------ INFORMATION SUPPLIED
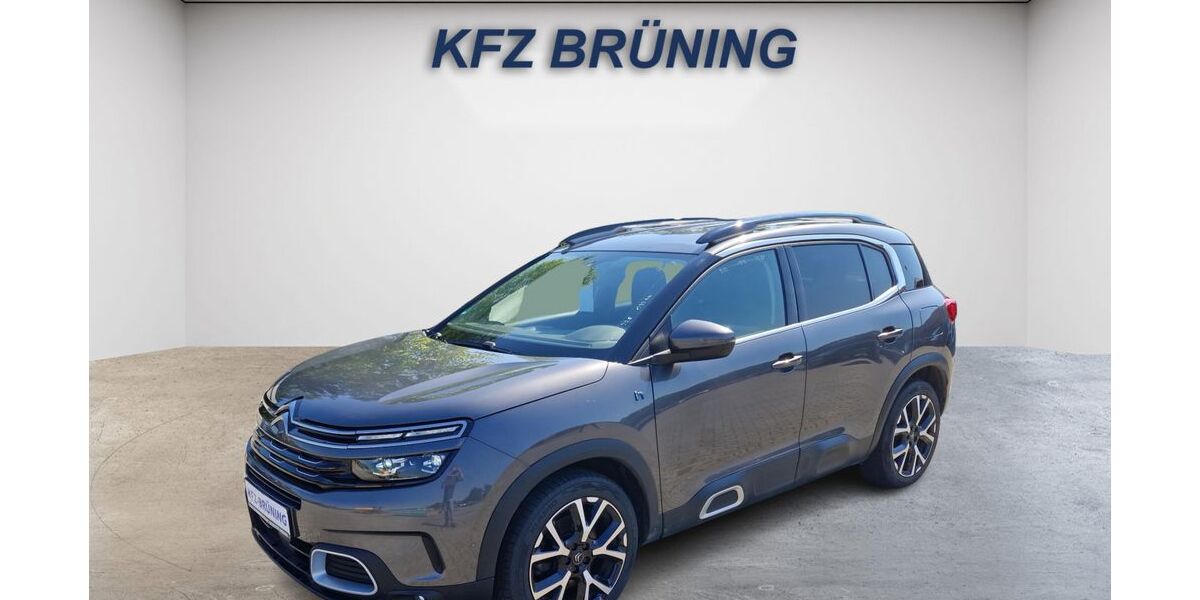 Citroen C5 Aircross 58.611 km 19.480 &euro; Lingen (Ems) 49811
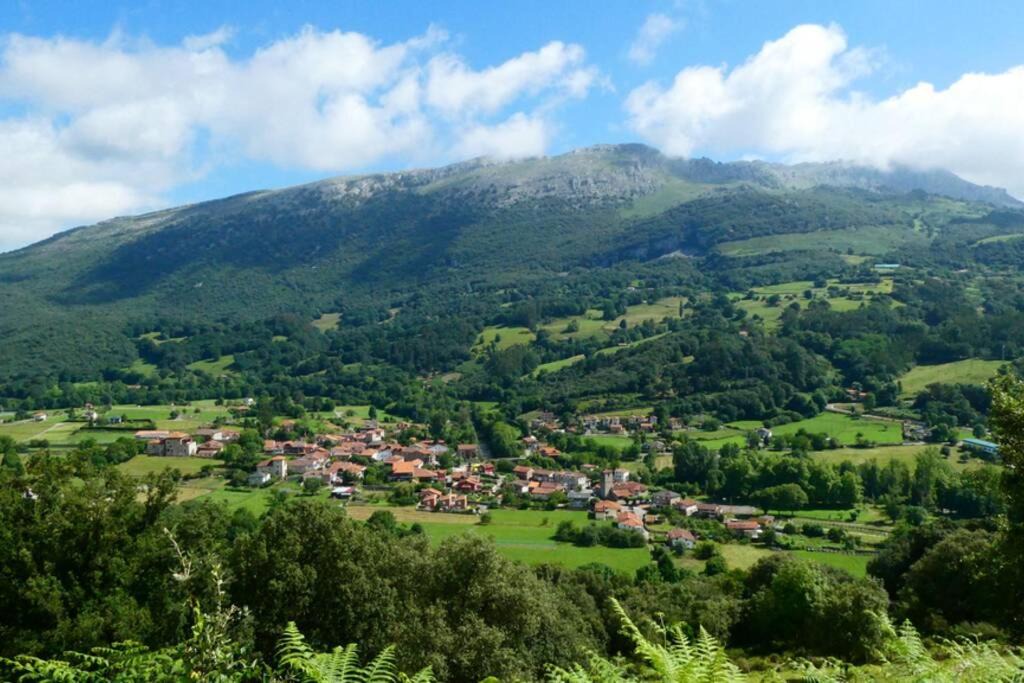 Photo of Others in Valle de Ruesga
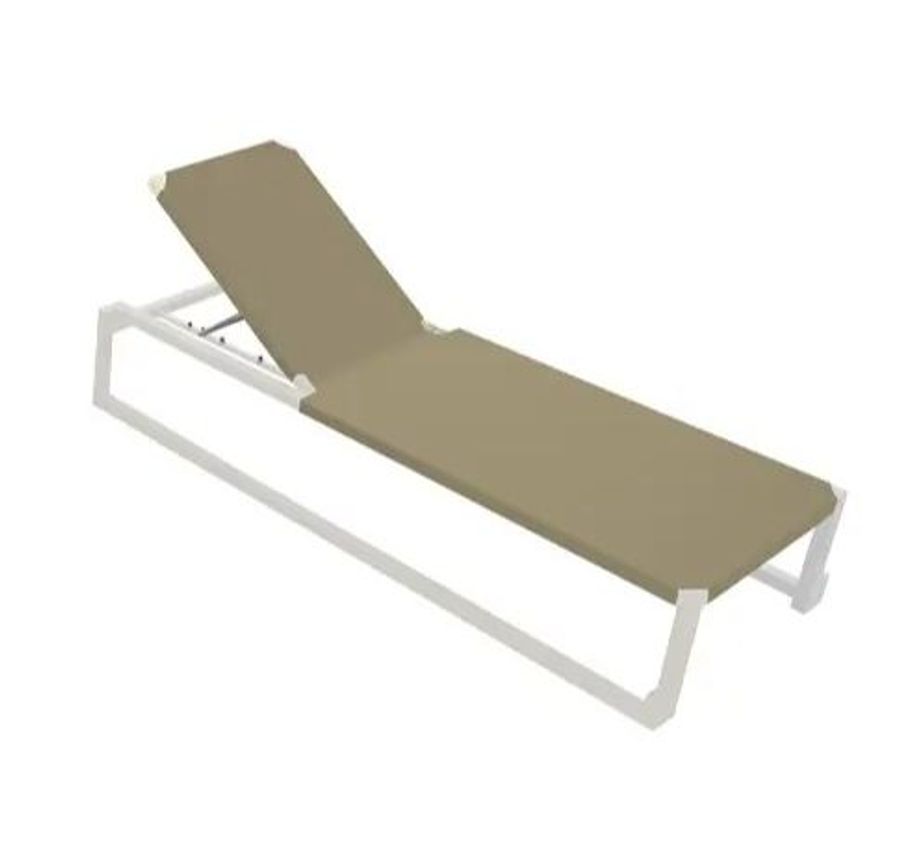 Resol Barcino SunBed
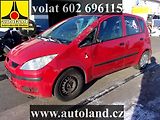 Mitsubishi Colt (2008) VOLAT 602 696115 - náhled 1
------------
Excluding pictures, copy exactly the lines from the line containing "Resol Barcino SunBed" through the last line of the data, inclusive.

 Resol Barcino SunBed
 Mitsubishi Colt (2008) VOLAT 602 696115 - náhled 1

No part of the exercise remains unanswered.